Cho In-chol

Personal information
- Date of birth: 2 October 1973 (age 51)
- Height: 1.72 m (5 ft 8 in)
- Position(s): Defender

Senior career*
- Years: Team / Apps / (Gls)
- Pyongyang

International career
- 1991: Korea U20 / 3 / (1)
- 1990–1993: North Korea / 17 / (2)

Managerial career
- 2007–2010: April 25
- 2010–2011: North Korea
- ?: North Korea

= Cho In-chol =

North Korean footballer (born 1973)

Cho In-chol (born 2 October 1973) is a North Korean former footballer. He represented North Korea on at least seventeen occasions between 1990 and 1993, scoring twice.

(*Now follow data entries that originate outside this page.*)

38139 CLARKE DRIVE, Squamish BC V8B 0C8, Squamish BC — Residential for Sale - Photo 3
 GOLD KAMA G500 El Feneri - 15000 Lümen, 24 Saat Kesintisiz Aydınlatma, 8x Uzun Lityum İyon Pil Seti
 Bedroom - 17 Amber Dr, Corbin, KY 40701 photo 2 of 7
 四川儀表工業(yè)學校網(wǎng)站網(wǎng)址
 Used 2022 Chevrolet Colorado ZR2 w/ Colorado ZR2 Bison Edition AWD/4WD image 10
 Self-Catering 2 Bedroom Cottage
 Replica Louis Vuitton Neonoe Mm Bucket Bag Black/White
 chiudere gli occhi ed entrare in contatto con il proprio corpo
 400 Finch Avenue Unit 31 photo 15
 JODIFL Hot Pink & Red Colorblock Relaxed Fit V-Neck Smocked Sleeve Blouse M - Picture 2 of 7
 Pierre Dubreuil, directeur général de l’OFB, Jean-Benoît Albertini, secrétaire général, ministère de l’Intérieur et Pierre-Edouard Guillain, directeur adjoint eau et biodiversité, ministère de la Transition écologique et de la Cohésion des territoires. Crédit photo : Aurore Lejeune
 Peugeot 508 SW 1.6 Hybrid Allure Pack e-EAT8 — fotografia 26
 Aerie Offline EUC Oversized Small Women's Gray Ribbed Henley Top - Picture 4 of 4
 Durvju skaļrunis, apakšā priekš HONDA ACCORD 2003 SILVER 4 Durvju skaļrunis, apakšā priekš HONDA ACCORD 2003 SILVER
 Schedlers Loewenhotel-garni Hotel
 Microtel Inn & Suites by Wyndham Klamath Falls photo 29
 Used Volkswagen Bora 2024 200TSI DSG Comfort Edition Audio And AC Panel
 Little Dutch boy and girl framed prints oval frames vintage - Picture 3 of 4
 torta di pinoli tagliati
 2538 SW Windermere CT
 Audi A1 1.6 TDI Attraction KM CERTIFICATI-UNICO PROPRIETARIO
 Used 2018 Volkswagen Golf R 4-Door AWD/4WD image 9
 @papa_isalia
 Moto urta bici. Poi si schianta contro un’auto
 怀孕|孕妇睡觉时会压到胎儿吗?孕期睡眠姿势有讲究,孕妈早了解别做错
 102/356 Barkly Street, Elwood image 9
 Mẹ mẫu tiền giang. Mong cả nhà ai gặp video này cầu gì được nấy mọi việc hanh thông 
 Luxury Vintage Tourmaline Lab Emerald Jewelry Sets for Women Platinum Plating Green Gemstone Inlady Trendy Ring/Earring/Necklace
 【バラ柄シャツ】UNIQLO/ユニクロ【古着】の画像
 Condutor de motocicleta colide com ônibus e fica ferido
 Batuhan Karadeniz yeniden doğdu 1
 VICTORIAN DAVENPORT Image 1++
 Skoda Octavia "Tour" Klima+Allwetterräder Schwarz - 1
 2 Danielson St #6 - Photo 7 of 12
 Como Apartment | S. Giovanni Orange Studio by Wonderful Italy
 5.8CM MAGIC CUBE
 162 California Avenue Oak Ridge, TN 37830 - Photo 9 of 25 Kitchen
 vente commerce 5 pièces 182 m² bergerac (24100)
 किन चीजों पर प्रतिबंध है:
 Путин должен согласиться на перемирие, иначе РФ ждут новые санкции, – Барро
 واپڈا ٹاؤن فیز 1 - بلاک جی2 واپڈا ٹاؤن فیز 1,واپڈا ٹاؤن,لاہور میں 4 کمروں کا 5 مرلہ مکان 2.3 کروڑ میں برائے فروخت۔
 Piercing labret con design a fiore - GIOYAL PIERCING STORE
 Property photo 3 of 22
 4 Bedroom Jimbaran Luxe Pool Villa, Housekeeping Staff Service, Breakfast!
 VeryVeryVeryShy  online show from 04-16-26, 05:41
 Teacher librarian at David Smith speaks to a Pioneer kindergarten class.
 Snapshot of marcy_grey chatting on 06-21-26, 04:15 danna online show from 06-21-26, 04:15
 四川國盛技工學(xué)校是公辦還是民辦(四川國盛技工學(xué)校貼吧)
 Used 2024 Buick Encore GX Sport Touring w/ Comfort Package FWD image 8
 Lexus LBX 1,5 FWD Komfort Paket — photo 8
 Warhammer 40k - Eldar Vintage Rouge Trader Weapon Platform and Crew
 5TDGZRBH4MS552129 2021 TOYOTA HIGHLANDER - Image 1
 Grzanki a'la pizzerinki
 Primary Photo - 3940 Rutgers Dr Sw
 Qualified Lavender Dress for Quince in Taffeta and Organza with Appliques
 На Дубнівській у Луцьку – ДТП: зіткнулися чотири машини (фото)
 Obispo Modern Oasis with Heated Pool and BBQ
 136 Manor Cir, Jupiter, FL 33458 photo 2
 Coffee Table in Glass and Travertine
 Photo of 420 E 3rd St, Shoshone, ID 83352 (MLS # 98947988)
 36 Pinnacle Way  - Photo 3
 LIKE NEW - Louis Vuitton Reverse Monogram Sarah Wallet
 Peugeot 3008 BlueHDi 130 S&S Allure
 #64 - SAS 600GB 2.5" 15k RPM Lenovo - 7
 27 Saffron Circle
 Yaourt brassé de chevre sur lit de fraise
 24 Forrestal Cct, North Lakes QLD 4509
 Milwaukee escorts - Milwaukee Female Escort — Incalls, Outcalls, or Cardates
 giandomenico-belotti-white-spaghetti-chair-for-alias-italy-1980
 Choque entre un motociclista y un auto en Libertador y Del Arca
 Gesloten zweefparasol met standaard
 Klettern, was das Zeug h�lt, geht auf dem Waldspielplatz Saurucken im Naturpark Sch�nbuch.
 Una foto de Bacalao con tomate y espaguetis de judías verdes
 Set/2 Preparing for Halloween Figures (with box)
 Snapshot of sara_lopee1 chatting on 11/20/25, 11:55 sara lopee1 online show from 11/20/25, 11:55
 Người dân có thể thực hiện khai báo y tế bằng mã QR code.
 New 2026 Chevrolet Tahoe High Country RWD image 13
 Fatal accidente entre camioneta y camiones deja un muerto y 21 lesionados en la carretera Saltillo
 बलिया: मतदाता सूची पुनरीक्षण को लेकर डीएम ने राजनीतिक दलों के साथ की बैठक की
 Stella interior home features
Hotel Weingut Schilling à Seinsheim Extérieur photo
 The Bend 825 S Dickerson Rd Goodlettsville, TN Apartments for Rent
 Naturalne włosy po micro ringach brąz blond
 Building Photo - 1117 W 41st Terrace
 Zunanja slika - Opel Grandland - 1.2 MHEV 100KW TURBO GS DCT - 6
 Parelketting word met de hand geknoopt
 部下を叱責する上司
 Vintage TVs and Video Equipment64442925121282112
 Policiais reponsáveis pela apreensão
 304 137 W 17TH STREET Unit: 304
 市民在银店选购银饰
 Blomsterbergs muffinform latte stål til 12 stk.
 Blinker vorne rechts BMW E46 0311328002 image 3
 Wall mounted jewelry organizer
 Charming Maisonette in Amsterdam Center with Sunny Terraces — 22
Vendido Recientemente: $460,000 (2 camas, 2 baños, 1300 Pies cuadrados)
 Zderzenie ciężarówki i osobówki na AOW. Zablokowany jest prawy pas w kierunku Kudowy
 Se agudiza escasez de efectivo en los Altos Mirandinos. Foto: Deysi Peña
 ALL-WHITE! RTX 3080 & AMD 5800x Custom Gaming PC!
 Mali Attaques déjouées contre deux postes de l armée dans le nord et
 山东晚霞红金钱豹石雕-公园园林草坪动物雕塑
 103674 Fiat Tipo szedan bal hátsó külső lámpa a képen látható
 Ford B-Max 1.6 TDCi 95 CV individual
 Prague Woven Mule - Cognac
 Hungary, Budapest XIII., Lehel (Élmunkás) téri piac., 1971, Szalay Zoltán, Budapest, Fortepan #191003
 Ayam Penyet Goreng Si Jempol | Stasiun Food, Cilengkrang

He also represented the unified Korean team at the 1991 FIFA World Youth Championship.

==Managerial career==
Cho was named manager of the North Korea national football team in 2010.

==Career statistics==

===International===

| National team | Year | Apps | Goals |
| North Korea | 1990 | 1 | 0 |
| 1991 | 1 | 0 |
| 1992 | 3 | 0 |
| 1993 | 12 | 2 |
| Total |  | 17 | 2 |

===International goals===
Scores and results list North Korea's goal tally first, score column indicates score after each North Korea goal.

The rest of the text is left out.